Holtshlag later sat and trembled with his head bowed, as 14 people including his parents all asked for leniency.

A few drops of colorless, odorless GHB mixed into a drink can render a victim unconscious within 20 minutes. Victims frequently have no memory of what happened, and the drug is difficult to trace, often leaving the body within 24 hours.

In 1990, the FDA banned GHB for public sale amid concerns about its use as a dietary supplement. A 1998 Michigan law made possessing the drug a felony. Michigan and about 20 other states have classified GHB a controlled substance.

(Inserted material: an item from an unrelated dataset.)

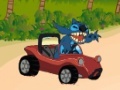 Peli Lilo and Stitch Car Race
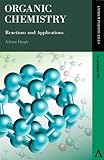 Image de Organic Chemistry: Reactions and Applications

Last month, President Clinton signed legislation toughening federal laws against possessing, making or distributing GHB. The bill is named for Samantha and a Texas teen-ager who also died after GHB was slipped into her soft drink.

Some suppliers of ingredients used to make GHB are trying to skirt the federal law by marketing their products not as dietary supplements, but as computer cleaners.

One company's Internet site suggests the liquid offered as a cleaner is a “healthy alternative” and “not poisonous if accidentally ingested.”

Despite the crackdown on GHB, some members of the medical community have come forward to defend what they call its effectiveness in treating sleep disorders, depression and drug and alcohol addictions.

Drake closed the hearing by telling the packed gallery “to try to go on with their lives as best they can.”